Applying Change Logs using Hudi DeltaStreamer

Now, we are ready to start consuming the change logs. Hudi DeltaStreamer runs as Spark job on your favorite workflow scheduler (it also supports a continuous mode using --continuous flag, where it runs as a long running Spark job), that tails a given path on S3 (or any DFS implementation) for new files and can issue an upsert to a target hudi dataset. The tool automatically checkpoints itself and thus to repeatedly ingest, all one needs to do is to keep executing the DeltaStreamer periodically.

With an initial load already on S3, we then run the following command (deltastreamer command, here on) to ingest the full load first and create a Hudi dataset on S3.
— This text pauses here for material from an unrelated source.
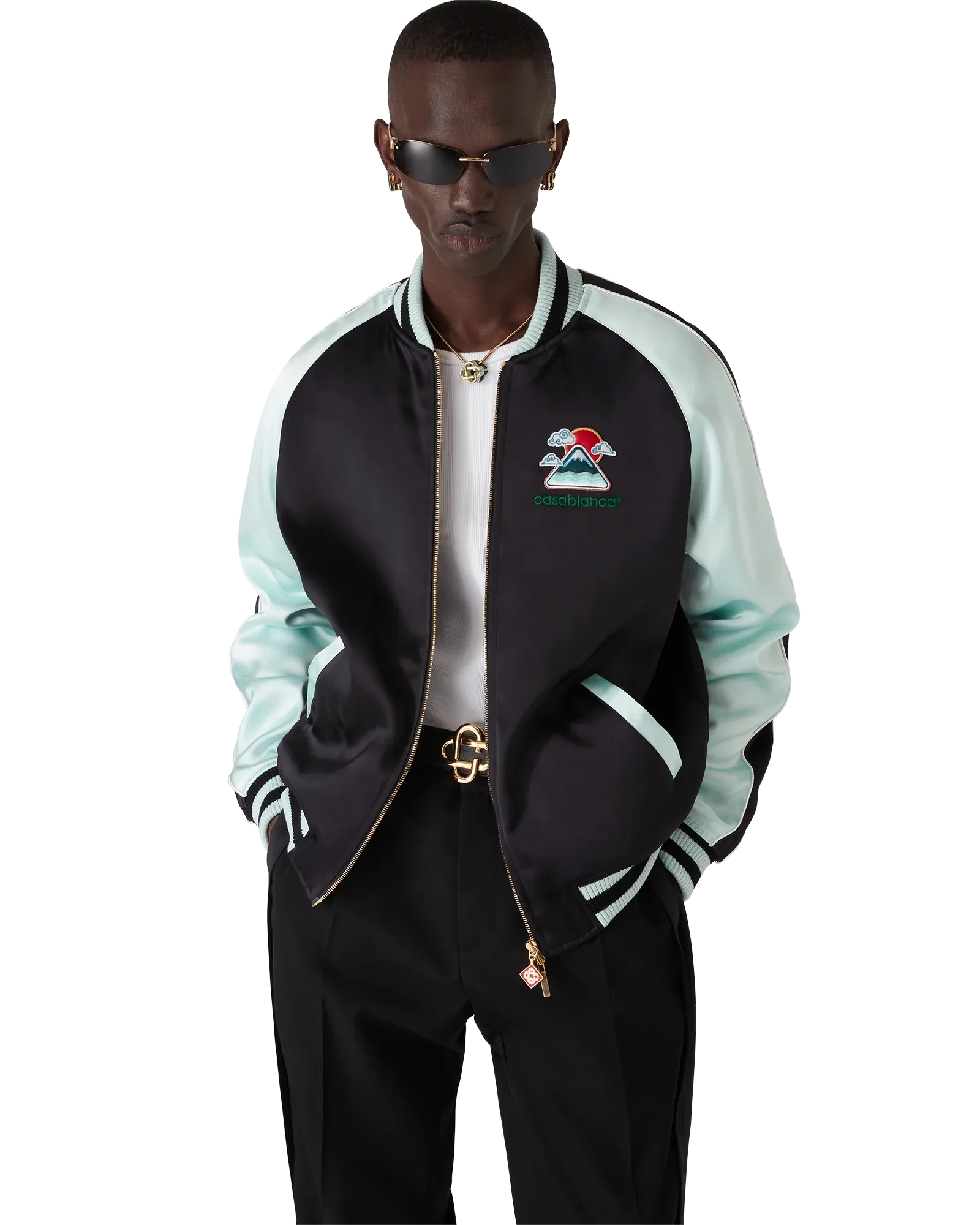 Embroidered Satin Bomber Jacket - Image 2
spark-submit --class org.apache.hudi.utilities.deltastreamer.HoodieDeltaStreamer  \
  --packages org.apache.spark:spark-avro_2.11:2.4.4 \
  --master yarn --deploy-mode client \
  hudi-utilities-bundle_2.11-0.5.1-SNAPSHOT.jar \
  --table-type COPY_ON_WRITE \
  --source-ordering-field updated_at \
  --source-class org.apache.hudi.utilities.sources.ParquetDFSSource \
  --target-base-path s3://hudi-dms-demo/hudi_orders --target-table hudi_orders \
  --transformer-class org.apache.hudi.utilities.transform.AWSDmsTransformer \
  --payload-class org.apache.hudi.payload.AWSDmsAvroPayload \
  --hoodie-conf hoodie.datasource.write.recordkey.field=order_id,hoodie.datasource.write.partitionpath.field=customer_name,hoodie.deltastreamer.source.dfs.root=s3://hudi-dms-demo/orders/hudi_dms/orders

A few things are going on here

First, we specify the --table-type as COPY_ON_WRITE. Hudi also supports another MERGE_ON_READ type you can use if you choose from.
To handle cases where the input parquet files contain multiple updates/deletes or insert/updates to the same record, we use updated_at as the ordering field. This ensures that the change record which has the latest timestamp will be reflected in Hudi.
We specify a target base path and a table table, all needed for creating and writing to the Hudi table
We use a special payload class - AWSDMSAvroPayload , to handle the different change operations correctly. The parquet files generated have an Op field, that indicates whether a given change record is an insert (I), delete (D) or update (U) and the payload implementation uses this field to decide how to handle a given change record.
You may also notice a special transformer class AWSDmsTransformer , being specified. The reason here is tactical, but important. The initial load file does not contain an Op field, so this adds one to Hudi table schema additionally.
Finally, we specify the record key for the Hudi table as same as the upstream table. Then we specify partitioning by customer_name and also the root of the DMS output.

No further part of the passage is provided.